On October 12, 1990, Philip Morris removed the action to district court on diversity grounds. On November 6, 1990, Schultz filed a second amended complaint adding the Arizona Department of Corrections and certain prison officials as defendants, but raising no new claims. On November 19, 1990, Schultz filed a motion to strike, limit or preempt the defendants' use of certain defenses. On November 20, 1990, Schultz filed a motion for leave to file a third amended complaint to substitute the state of Arizona for the Department of Corrections and to add new defendants, but did not attach to the motion a proposed version of the amended complaint. On November 28, 1990, Schultz filed a motion for leave to file a fourth amended complaint. The district court granted Schultz' motion to file a fourth amended complaint, denied as moot his motion to file a third amended complaint, and denied his motion to limit the use of defenses. The fourth amended complaint deleted the Department of Corrections as a defendant and added two additional private party defendants.
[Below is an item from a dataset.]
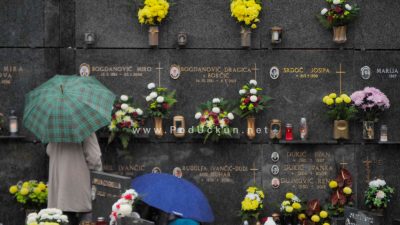 U oku kamere: Lumini i krizanteme uljepšali groblja – Građani se prisjetili dragih pokojnika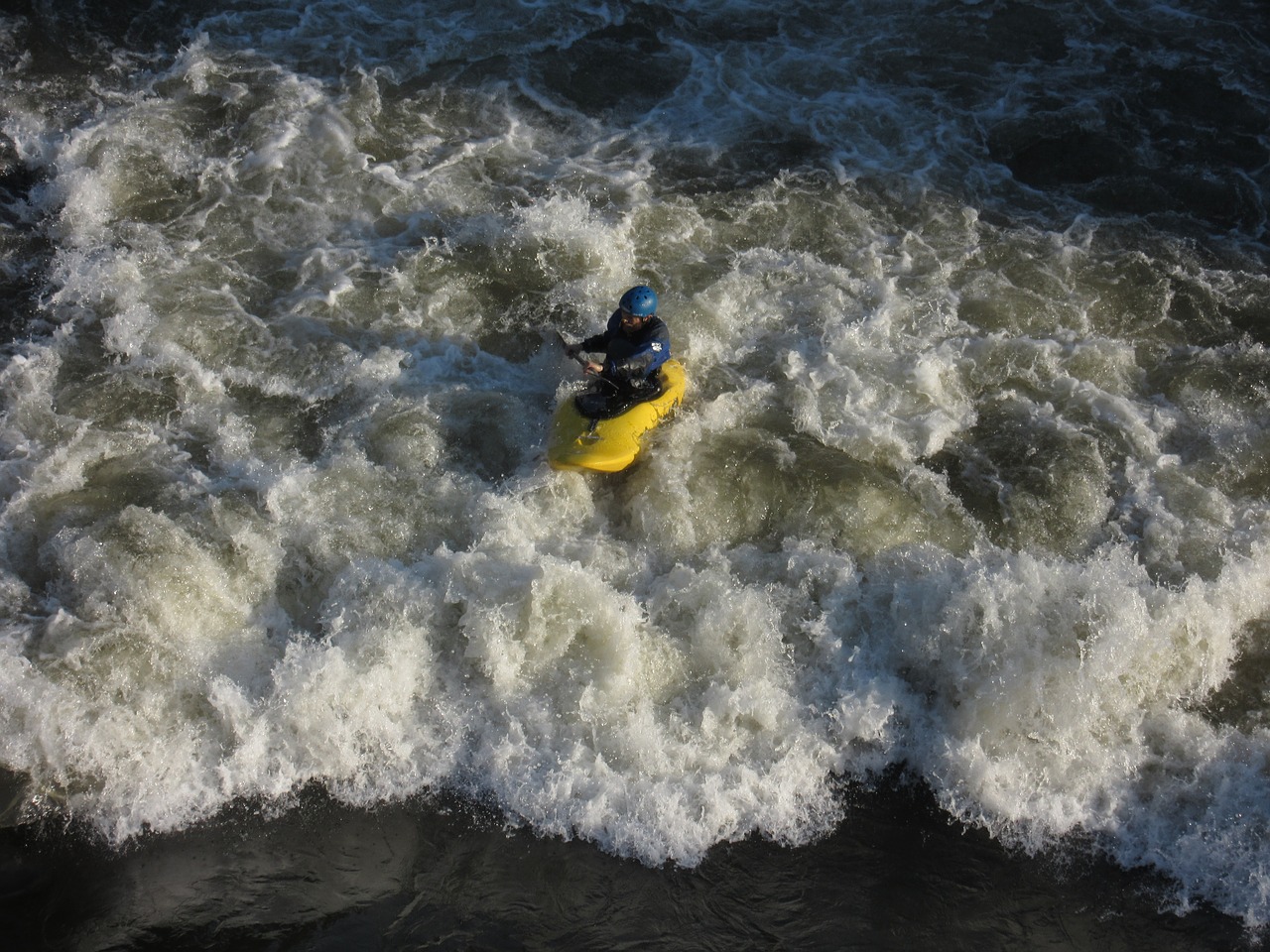 kayak paddle white water free photo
In response to the fourth amended complaint, defendant PMI filed an answer and a motion to dismiss the action pursuant to Rule 11. PMI argued that dismissal was proper because the action was frivolous, an abuse of process, and was undertaken to harass PMI. On May 1, 1991, Schultz filed a motion for a preliminary injunction. On May 21, 1991, Schultz filed a motion to dismiss certain defendants from the action. On the same day Schultz also filed a "notice" stating that he was voluntarily dismissing the entire action without prejudice under Rule 41. On May 30, 1991, Schultz filed another "notice" stating that he was withdrawing the two motions filed on May 21, 1991.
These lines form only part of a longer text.